Le moral des entreprises est bien meilleur, même s'il faut tenir compte des effets liés aux attentats et aux élections régionales de la semaine prochaine. Par rapport à la période où BPIfrance a été créée, c'est le jour et la nuit : à l'hiver 2012, nous percevions une immense mélancolie teintée de découragement ; depuis quelque temps, nous constatons que nos 80 000 clients vont beaucoup mieux. Les projets d'investissement sont là. Nous n'atteindrions pas sinon une croissance de 15 % par an. Dans les meetings que nous organisons dans les villes de France, les entrepreneurs n'hésitent pas à nous dire que l'activité est repartie et qu'au fond, ils vont bien. La question pour nous est moins de leur redonner un moral qu'ils avaient perdu que de faire naître chez eux une ambition qu'ils n'ont pas encore eue. Nous constatons que souvent, la mire du fusil n'est pas assez relevée. Et ce trait n'est pas propre aux entrepreneurs français : nos homologues de la British Business Bank font le même constat. Cette moindre ambition est liée à la solitude des entrepreneurs : quand vous êtes seul, il vous est plus difficile de vous dire que vous allez partir à l'attaque des géants.

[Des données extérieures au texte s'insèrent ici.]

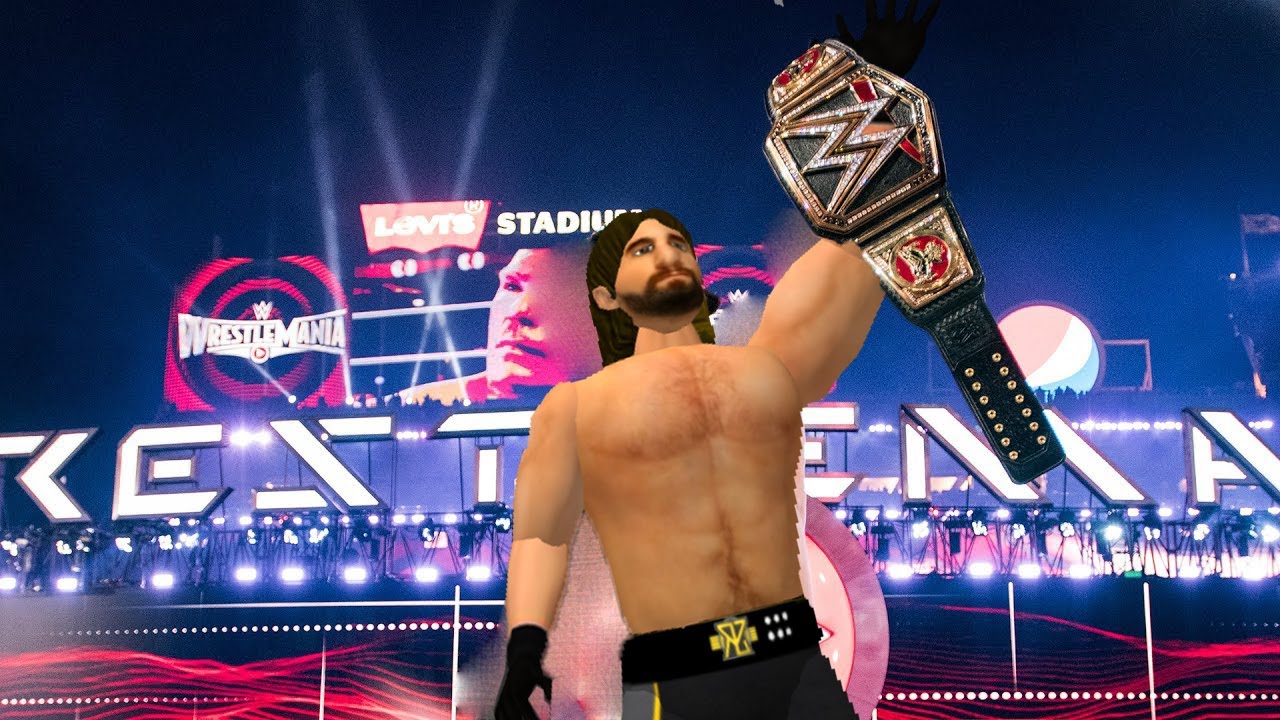 Seth Rollins cashes in Money In The Bank: WR3DWWE WrestleMania 31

La titrisation des prêts sera-t-elle source d'améliorations ? Nous avons pris des initiatives assez fortes qui ont porté pour partie leurs fruits. Nous avons ainsi lancé les prêts d'avenir à hauteur de 200 millions d'euros : prêts sur dix ans, avec trois ans de différé de remboursement, entièrement titrisés et revendus à une compagnie d'assurance française. Nous n'avons toutefois pas pu en étendre l'échelle, malgré tous nos efforts : les autres compagnies d'assurance n'ont pas souhaité acheter ce produit, l'appétit pour la titrisation des crédits de PME n'étant pas énorme en ce moment. Le coût des crédits aux PME est en France au plus bas parmi tous les pays d'Europe : il se situe à trente points de base en dessous des crédits aux PME en Allemagne. Or les points de base permettent de rémunérer à la fois ceux qui élaborent le produit et la compagnie d'assurance, qui sert un rendement aux détenteurs de contrats d'assurance vie. Résumons-nous : la compagnie d'assurance, au lieu d'acheter de la dette de PME, achète de la dette garantie à 100 % par BPIfrance mais, comme le crédit est très peu cher, il n'y a pas vraiment de marge de manoeuvre pour qu'elle conserve un rendement suffisamment attractif. Je fais l'hypothèse que lorsque le coût du crédit remontera, dans quelques années, lorsque nous aurons quitté la période de quantitative easing que nous vivons, un espace important s'ouvrira pour la titrisation.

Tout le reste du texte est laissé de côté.